In Sisterhood of Dune, Raquella thwarts Butlerian sympathizers within her own ranks, including her own granddaughter, Dorotea. They correctly suspect that Raquella and her inner circle, including Valya Harkonnen, are using forbidden computers to manage their breeding index, which contains an immense amount of family data from across the Imperium. Dorotea takes the Rossak drug, and survives to become the second Reverend Mother. She learns of the secret computers and alerts Emperor Salvador Corrino, who invades Rossak. Raquella and Valya remove the computers in advance, but a petulant Salvador disbands the Sisterhood School on Rossak. Dorotea establishes an Orthodox Sisterhood sanctioned by Salvador, and Raquella and her followers find refuge on Wallach IX. Valya becomes the third Reverend Mother. In Mentats of Dune, Raquella believes that the only hope for the Sisterhood to survive is for the Wallach IX sisters to reconcile with Dorotea's Orthodox faction. Her health failing, Raquella summons Dorotea and forces her and Valya to put their differences aside and agree to work together for the good of the Sisterhood. Naming them co-leaders, Raquella dies. Valya however, still bitter about Dorotea's betrayal, uses her newly discovered power of Voice to force Dorotea to commit suicide. Valya declares herself to be the sole Mother Superior, and ingratiates herself to the new Emperor, Salvador's brother Roderick.

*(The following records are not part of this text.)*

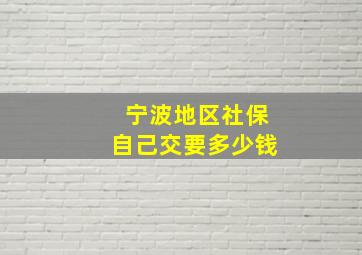 宁波地区社保自己交要多少钱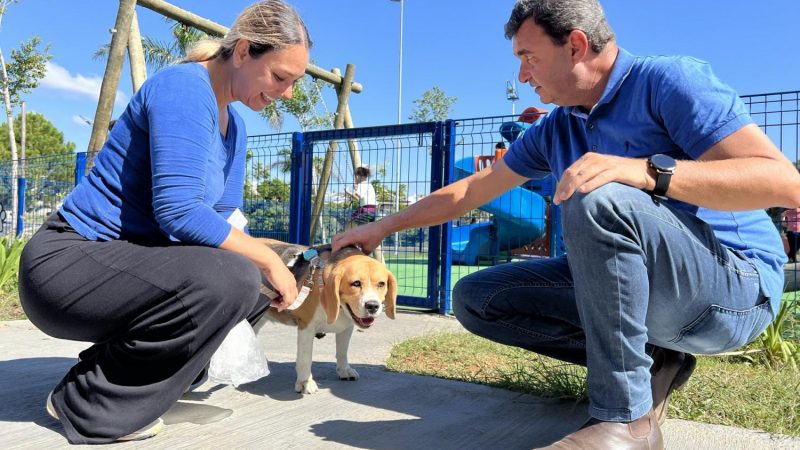 Secretaria de Sade vacina ces e gatos contra raiva neste sbado em Indaiatuba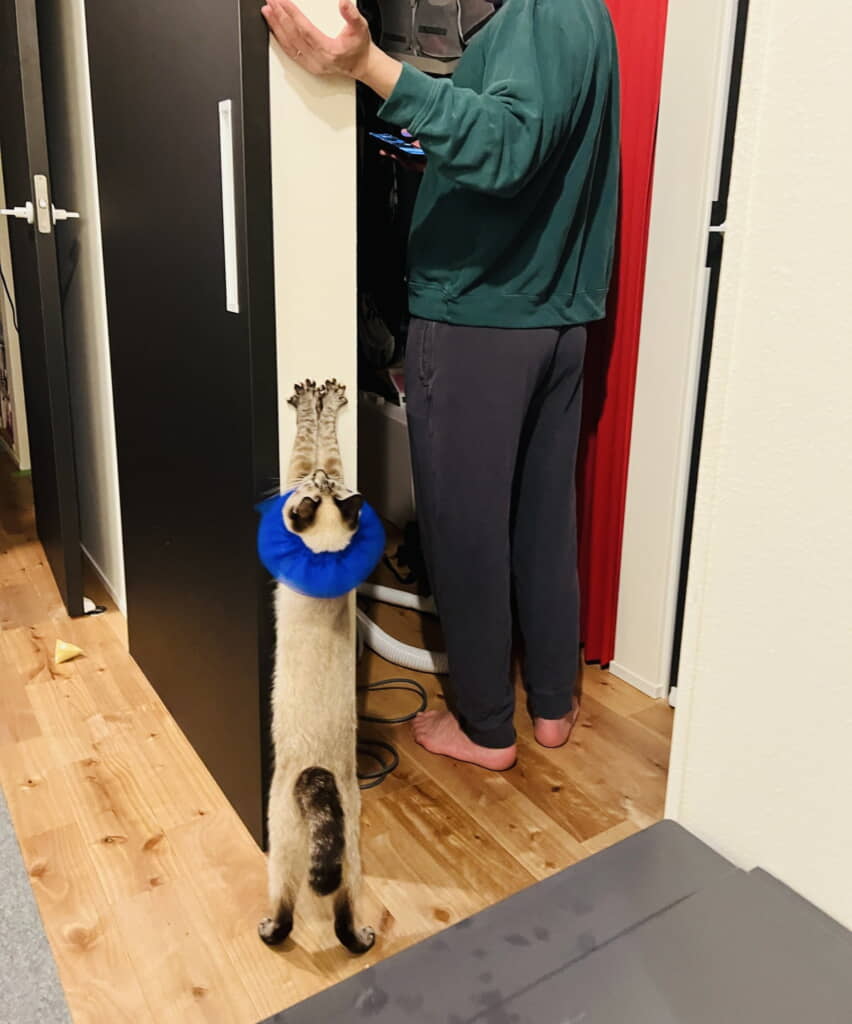 パパと一緒にストレッチ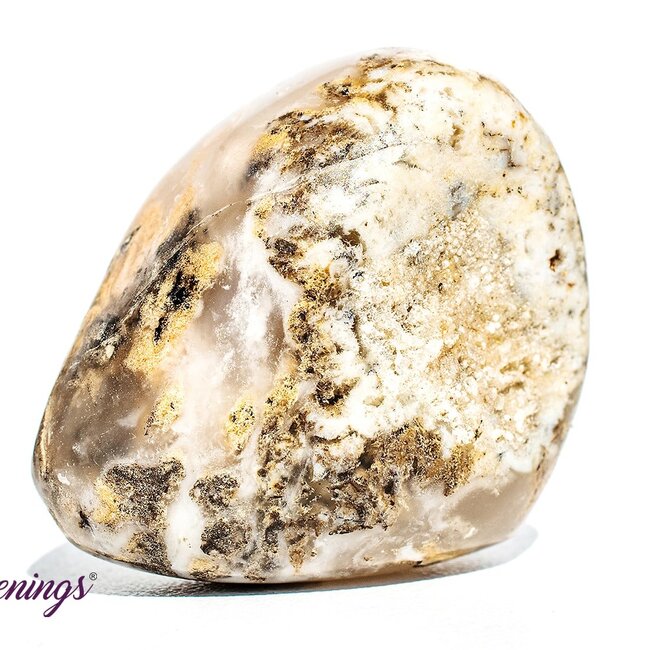 Dendritic Agate - Tumbled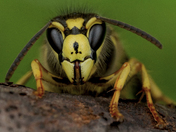 Yellow Jacket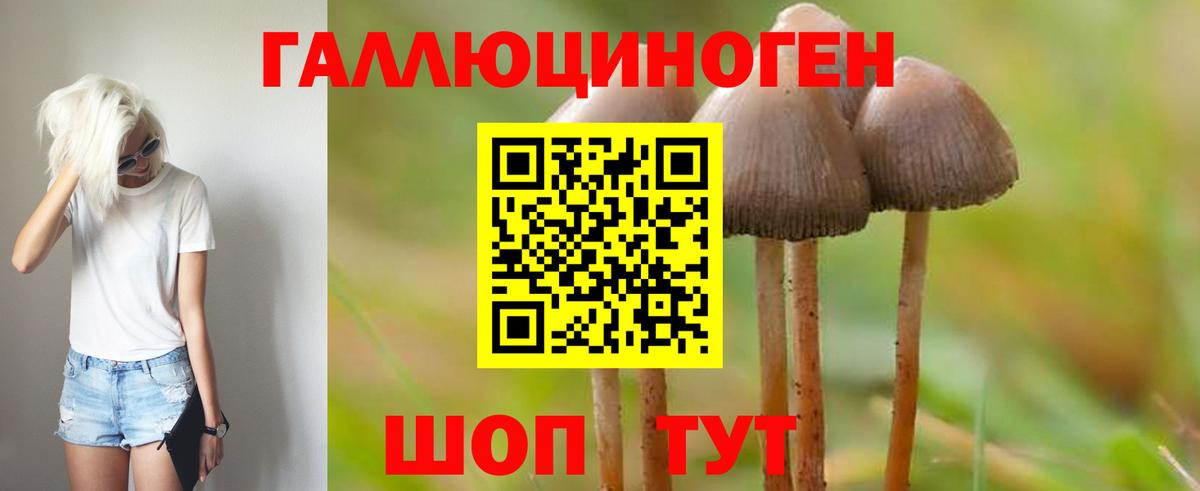 как найти   Псилоцибиновые грибы GOLDEN TEACHER  Вход с VPN  Курск 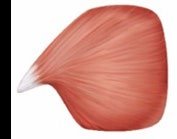 Convergent muscle shape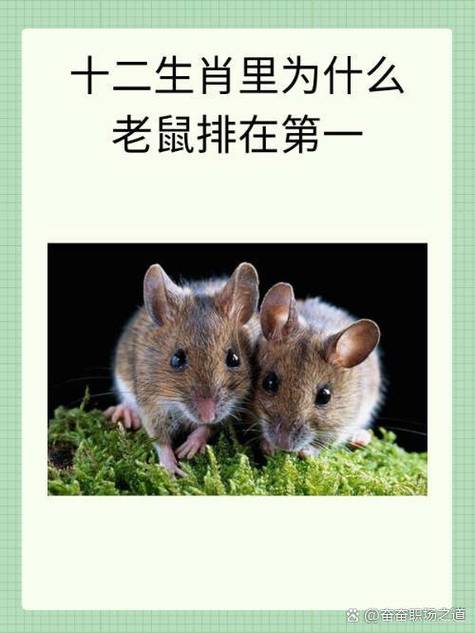 牛衣对泣正确生肖答案的简单介绍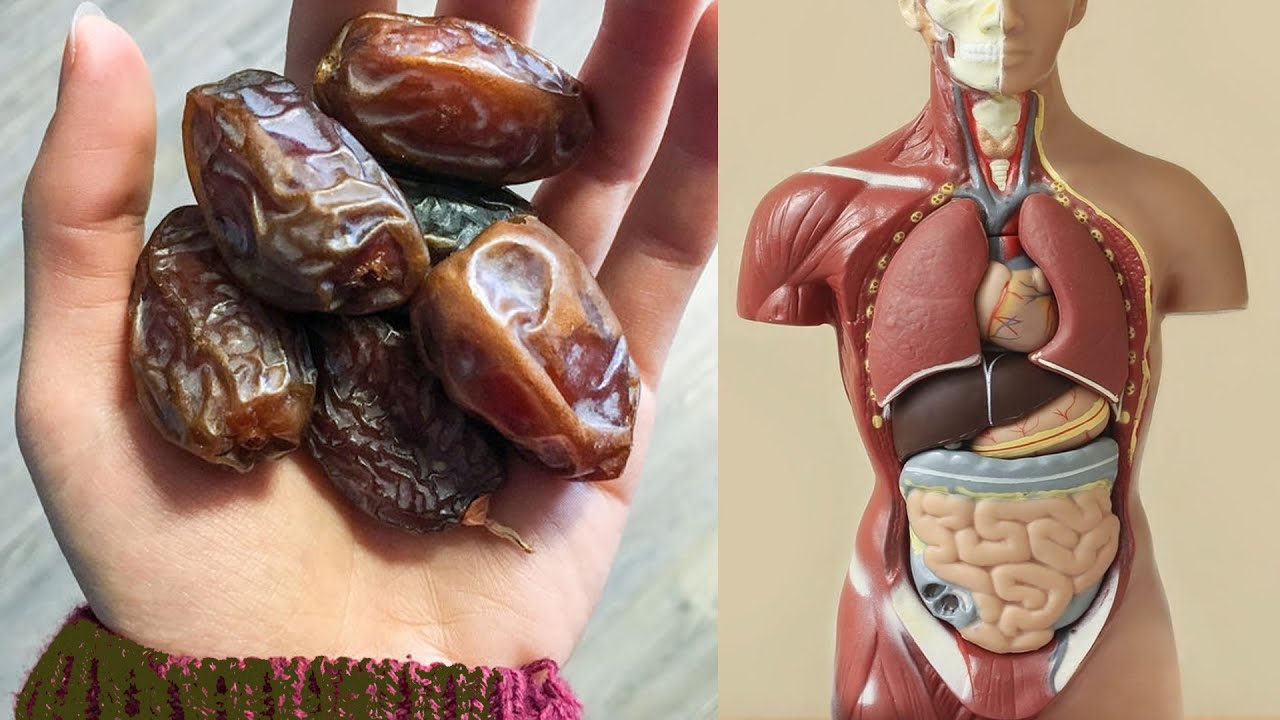 The Sweet Benefits: Transform Your Health with Two Dates a Day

Raquella is portrayed by Cathy Tyson in the 2024 HBO television series Dune: Prophecy. As the founder and leader of the Sisterhood, she has created a network of influence by placing her Truthsayers, loyal to the Sisterhood, as trusted advisors to the Great Houses. Raquella has also initiated a secret breeding program intended to guide noble bloodlines to cultivate better, more easily controlled leaders. In "The Hidden Hand", a dying Raquella tells young Valya Harkonnen that she must grow, protect and strengthen the Sisterhood, and that Valya "will be the one to see the burning truth, and know." Raquella's granddaughter Dorotea intends to destroy the breeding program as something heretical and impure, so Valya uses the Voice to force Dorotea to kill herself. Thirty years later, Valya is Mother Superior and has grown the Sisterhood in size and power, but her carefully orchestrated plans are thwarted by mysterious Imperial soldier Desmond Hart, who perceives the Sisterhood as a growing threat to the autonomy of the Imperium. Desmond uses a "great power" granted to him by his near-death experience on Arrakis to psychically immolate Imperial Truthsayer Kasha Jinjo, whose burned body reminds Valya of Raquella's dying prediction.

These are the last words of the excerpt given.